YOUR INSTRUCTIONS » Please retype all of the entries that follow, leaving the images out.

**** SUPPLIED ENTRIES

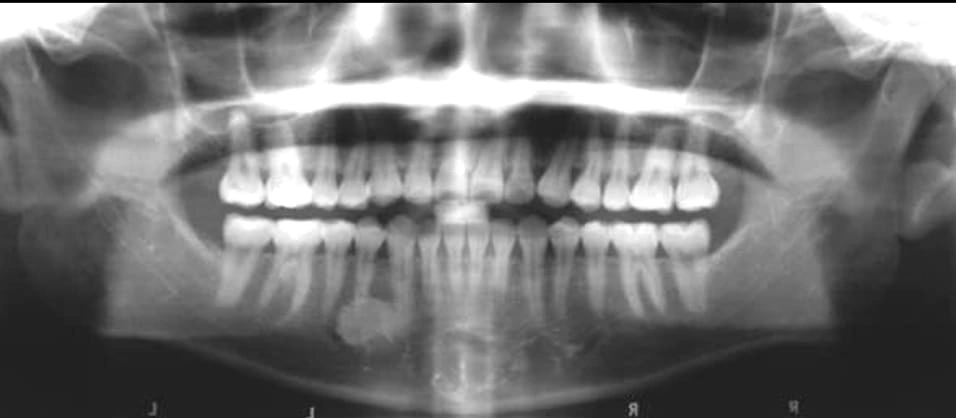 Figure 10. Panoramic Image of a Dense Bone Island.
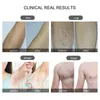 Profesionální laserový odstraňovač chloupků IPL, systém Náhled obrázku produktu 7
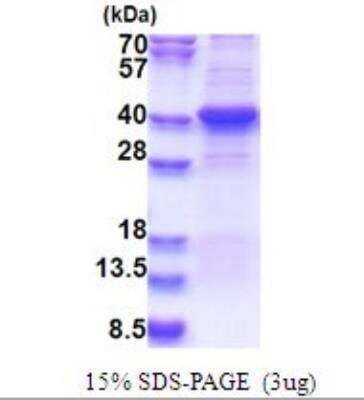 SDS-Page: Recombinant Human Endothelial Lipase Protein [NBP2-51639]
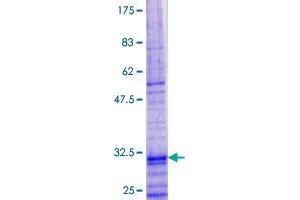 SDS-PAGE (SDS) image for Thymic Stromal Lymphopoietin (TSLP) (AA 1-60) protein (GST tag) (ABIN1800132)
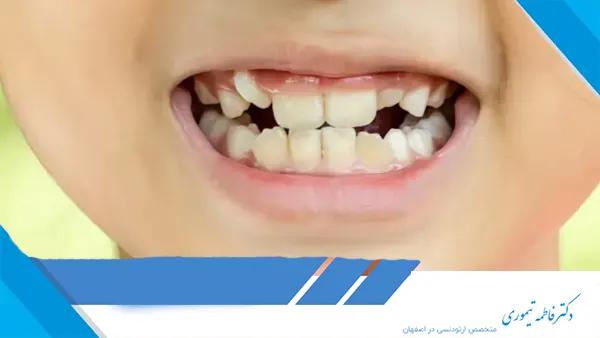 علائم نیاز به ارتودنسی در کودکان چیست؟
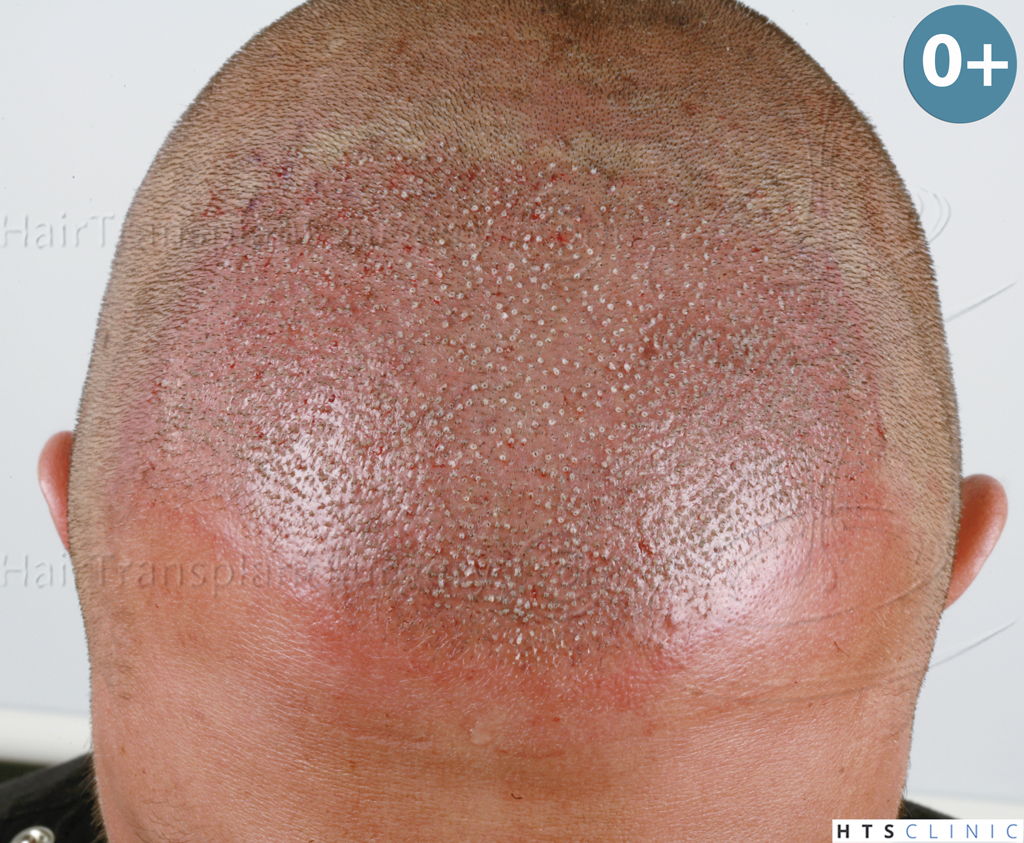 Dr.Devroye-HTS-Clinic-2671-FUE-NW-III-10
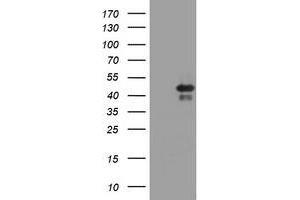 Image no. 1 for anti-TIA1 Cytotoxic Granule-Associated RNA Binding Protein (TIA1) antibody (ABIN1501388) (TIA1 anticorps)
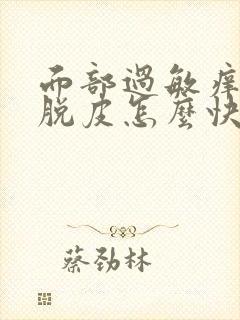 面部过敏痒红肿脱皮怎么快速解决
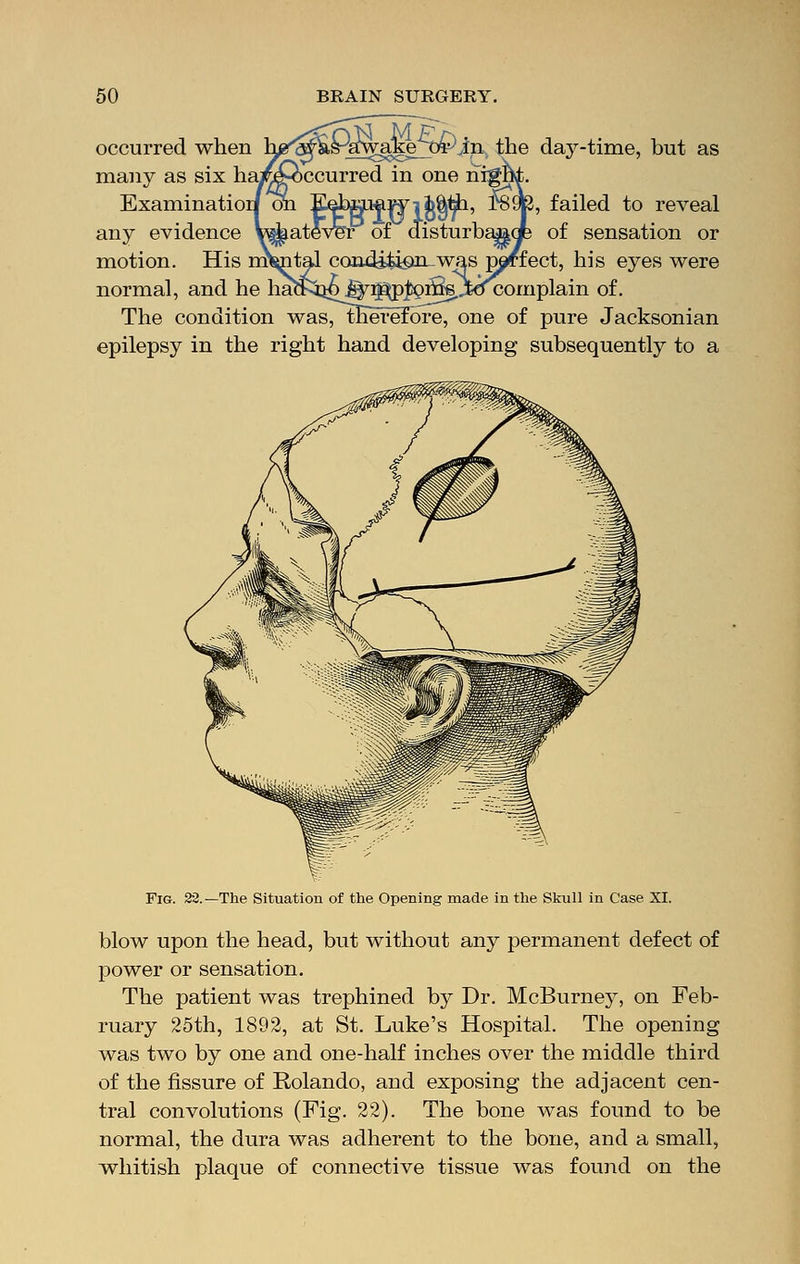 occurred when many as six ha Examination o: any evidence What motion. His m normal, and he ha! ake oPjn the day-time, but as ccurred in one hi^ tawii^tia, f8^3, failed to reveal r of disturbajade of sensation or onditioJi-was perfect, his eyes were ^r^loiSsjkJcomplain of. The condition was, therefore, one of pure Jacksonian epilepsy in the right hand developing subsequently to a Fig. 22.—The Situation of the Opening made in the Skull in Case XI. blow upon the head, but without any permanent defect of power or sensation. The patient was trephined by Dr. McBurney, on Feb- ruary 25th, 1892, at St. Luke's Hospital. The opening was two by one and one-half inches over the middle third of the fissure of Rolando, and exposing the adjacent cen- tral convolutions (Fig. 22). The bone was found to be normal, the dura was adherent to the bone, and a small, whitish plaque of connective tissue was found on the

********

TASK ANSWER »
 Figure 10. Panoramic Image of a Dense Bone Island.
 Profesionální laserový odstraňovač chloupků IPL, systém Náhled obrázku produktu 7
 SDS-Page: Recombinant Human Endothelial Lipase Protein [NBP2-51639]
 SDS-PAGE (SDS) image for Thymic Stromal Lymphopoietin (TSLP) (AA 1-60) protein (GST tag) (ABIN1800132)
 علائم نیاز به ارتودنسی در کودکان چیست؟
 Dr.Devroye-HTS-Clinic-2671-FUE-NW-III-10
 Image no. 1 for anti-TIA1 Cytotoxic Granule-Associated RNA Binding Protein (TIA1) antibody (ABIN1501388) (TIA1 anticorps)
 面部过敏痒红肿脱皮怎么快速解决
 occurred when many as six ha Examination o: any evidence What motion. His m normal, and he ha! ake oPjn the day-time, but as ccurred in one hi^ tawii^tia, f8^3, failed to reveal r of disturbajade of sensation or onditioJi-was perfect, his eyes were ^r^loiSsjkJcomplain of. The condition was, therefore, one of pure Jacksonian epilepsy in the right hand developing subsequently to a Fig. 22.—The Situation of the Opening made in the Skull in Case XI. blow upon the head, but without any permanent defect of power or sensation. The patient was trephined by Dr. McBurney, on Feb- ruary 25th, 1892, at St. Luke's Hospital. The opening was two by one and one-half inches over the middle third of the fissure of Rolando, and exposing the adjacent cen- tral convolutions (Fig. 22). The bone was found to be normal, the dura was adherent to the bone, and a small, whitish plaque of connective tissue was found on the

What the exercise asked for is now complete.